─── Records supplied

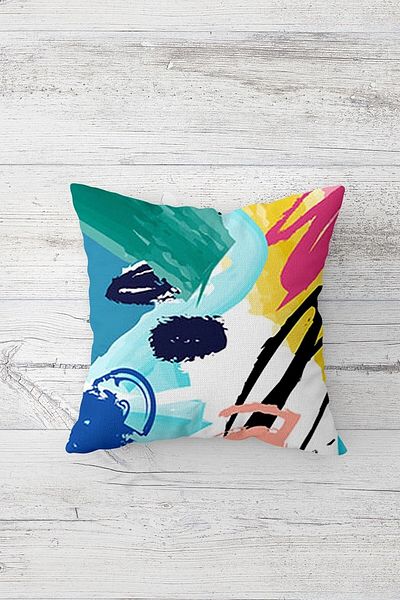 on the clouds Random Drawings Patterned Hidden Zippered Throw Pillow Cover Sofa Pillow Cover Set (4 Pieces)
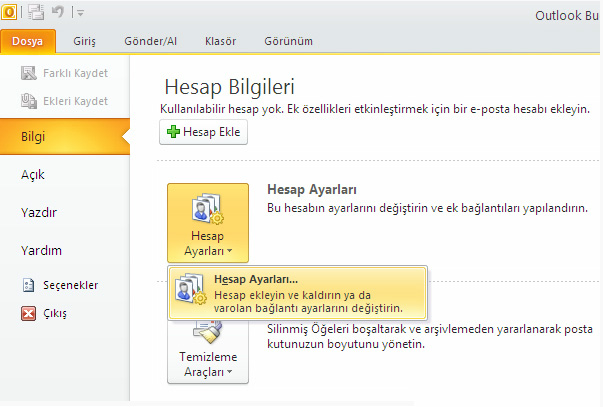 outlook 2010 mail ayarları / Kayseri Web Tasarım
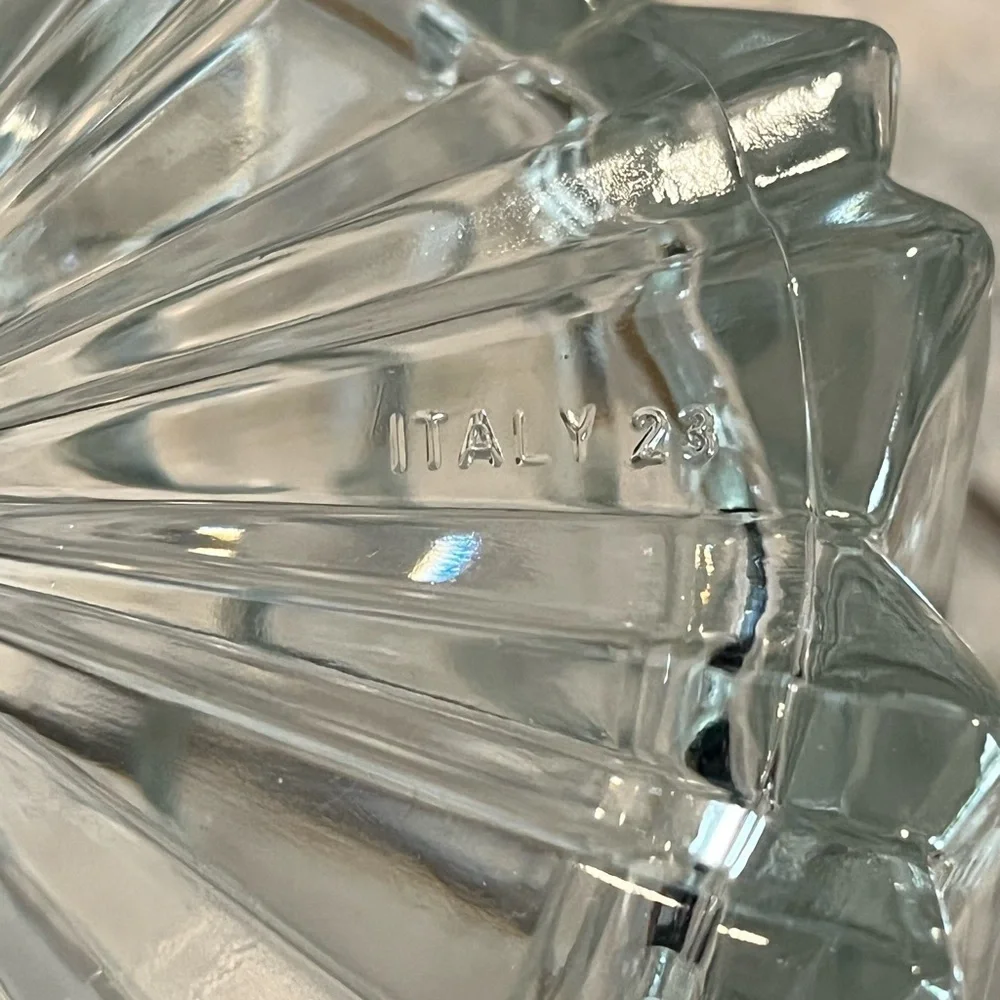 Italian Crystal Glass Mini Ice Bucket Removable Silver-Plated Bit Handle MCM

──────
─── Records supplied

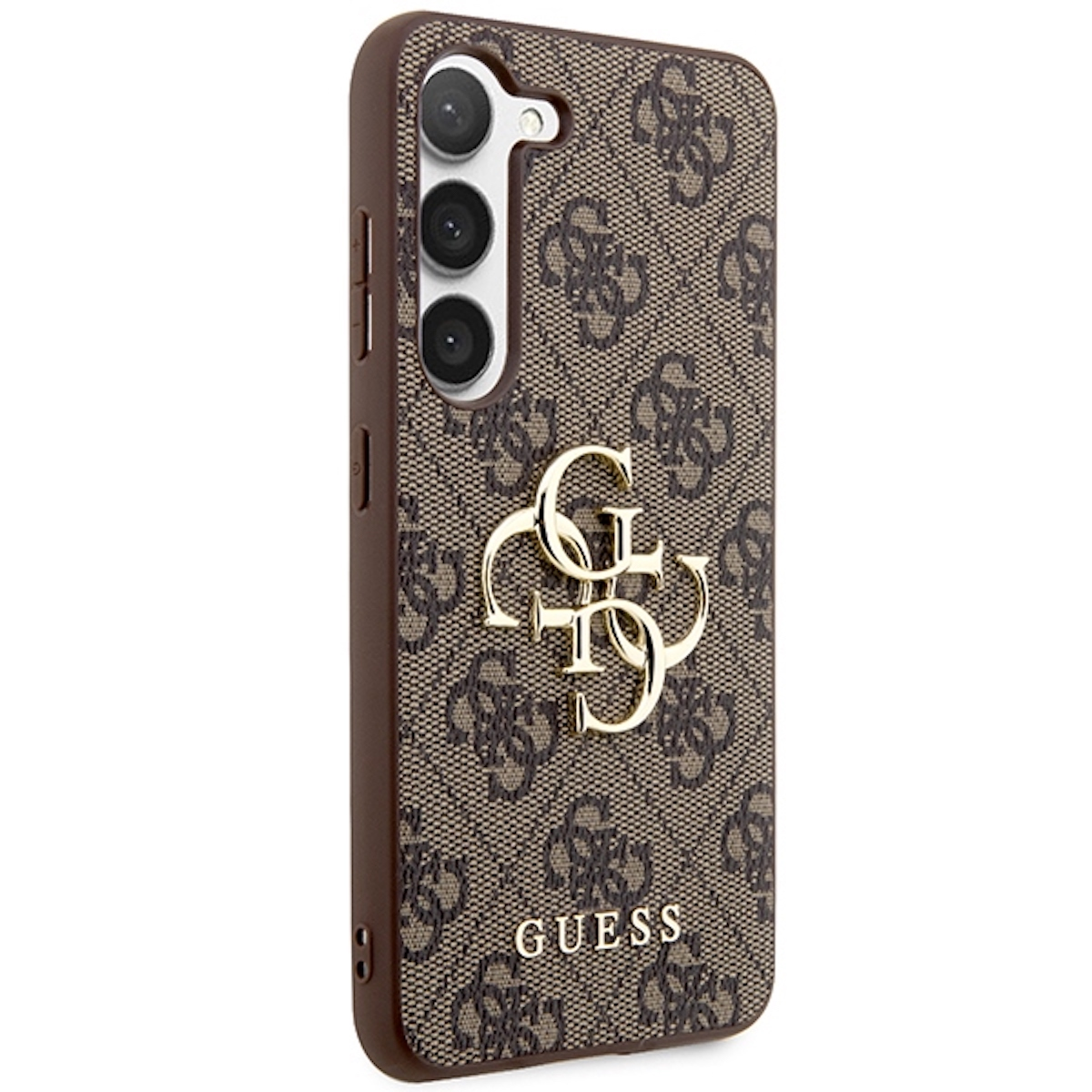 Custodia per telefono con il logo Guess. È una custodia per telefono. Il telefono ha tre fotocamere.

──────

● Brief
Beginning at the line that has "outlook 2010 mail" and ending at the line that has "Italian Crystal Glass", restate the listing above word for word, pictures left out.

● Exercise answer
 outlook 2010 mail ayarları / Kayseri Web Tasarım
 Italian Crystal Glass Mini Ice Bucket Removable Silver-Plated Bit Handle MCM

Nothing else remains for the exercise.